President al-Sisi has certainly learned from the Arab Spring protesters the importance of a wide and robust social media presence. During the presidential campaign he established not only an official web site [www.sisi2014.com], but a Facebook page, a Twitter account, and accounts on Google+, and Instagram as well as a channel on YouTube. All but the campaign web site still exist, and all of these sites contain links to each other, forming a tight web economy.
While the YouTube account is almost certainly maintained by a professional staff, there is considerable evidence that the Twitter, Facebook and Instagram accounts are at least partly maintained by Al-Sisi himself, not the least because of the rarity of posts.
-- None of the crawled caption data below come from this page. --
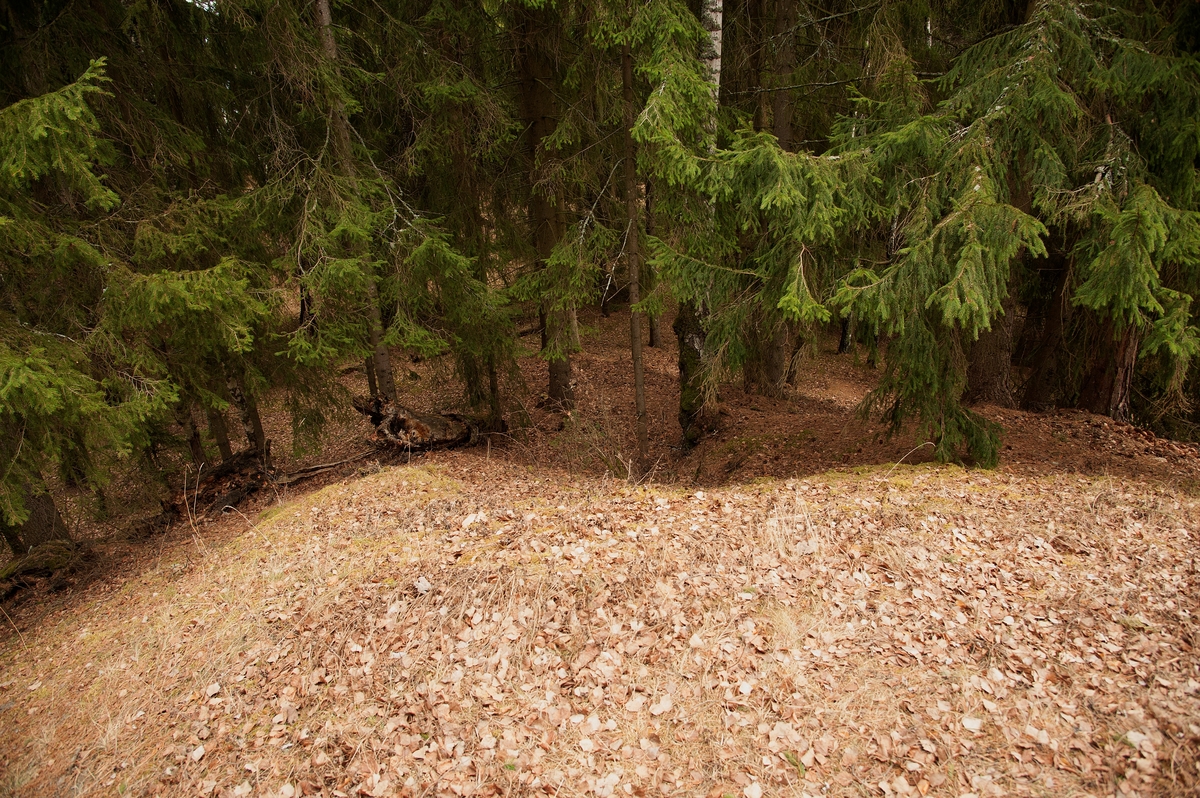 Fra toppen av gravhaugen på Hovinsholmen, Helgøya, Hedmark. En kan se spor etter den sammenraste sjakten fra siste utgraving. Haugen er stor med en høyde på 6 meter og diameter på 35 meter.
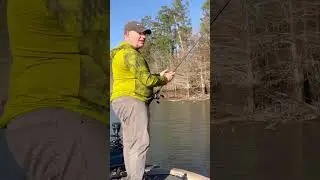 Mighty Small not Small but Mighty #bassfishing #fishing #shorts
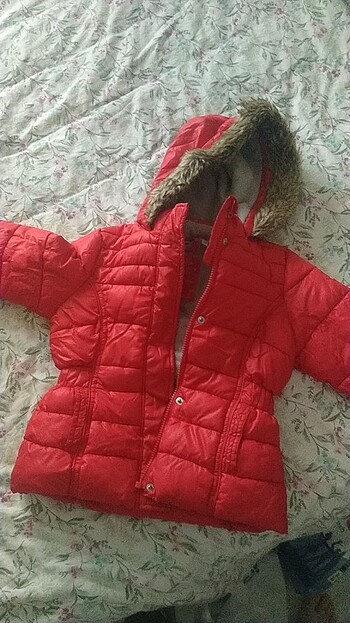 U.S Polo Assn. Mont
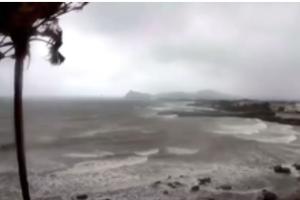 Storm: ਸਿਡਨੀ ’ਚ ਤੂਫਾਨ ਨੇ ਮਚਾਈ ਤਬਾਹੀ- ਕਾਰ ‘ਤੇ ਦਰੱਖਤ ਡਿੱਗਿਆ, ਔਰਤ ਦੀ ਮੌਤ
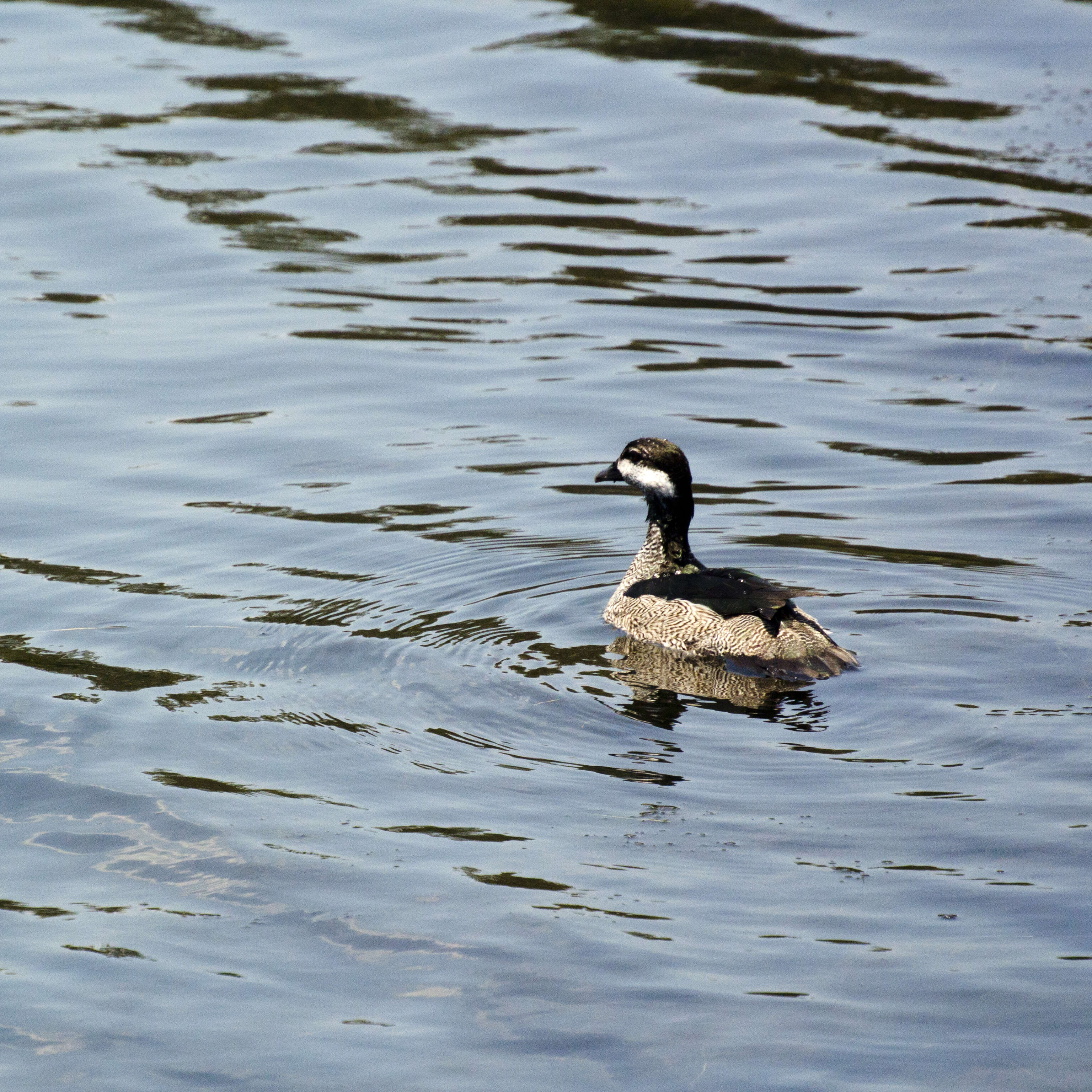 Image of Green Pygmy Goose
Days often go by without posts, followed by a brief flurry of activity, then another gap of days or even a week.
The posts themselves are brief, usually accompanied by official photos, and express patriotic messages, and messages emphasizing that the president is working to improve Egypt’s situation.
The sites do not seem to be used much for dissemination of information–that still seems to be handled through official channels. Rather, social media seem to serve primarily serve as providing opportunities for Al-Sisi’s legions of supporters to continue to express their admiration and support for the president.
For example, on Jan. 17, 2015, Al-Sisi became the first Egyptian president in the entire Egyptian history to attend the Christmas Mass. He subsequently gave a short speech at the Coptic Orthodox Christmas service in Cairo calling for unity and wishing Copts a Merry Christmas.
Cairo Post reported that:
An Arabic hashtag that translates to “you are a leader, Sisi” has been tweeted 14,486 times, and the hashtag “Sisi in the Cathedral” has been tweeted 3,609 times.
The two hashtags were accompanied with pictures of a cross and a crescent, a 19th century symbol of Egypt’s national solidarity against the British imperialism, and has since been used to assert unity between Egypt’s two religions.
There are relatively few dissenting comments posted, in part perhaps because of fear of reprisals. Insulting the president remains a crime in Egypt.
Opponents of the president–or even supporters who sometimes disagree with his actions–do comment on the posts, but seem to prefer to take screenshots and post their comments on their own blogs, Facebook pages, Twitter accounts and so forth.
For example, according to Cairo Post:
activist Sherif Azer wrote on Facebook “I understood from tweets and statuses now that apparently Sisi scored against Inter Milan.”
He also wrote “Christians are really so kind and naïve, and the religious teaching make them that compromising and nice and were over the moon with Sisi’s visit. You won’t ever take your rights in this damn country.”
One consequence of this is that supporters and critics of the regime rarely engage dialogically through social media.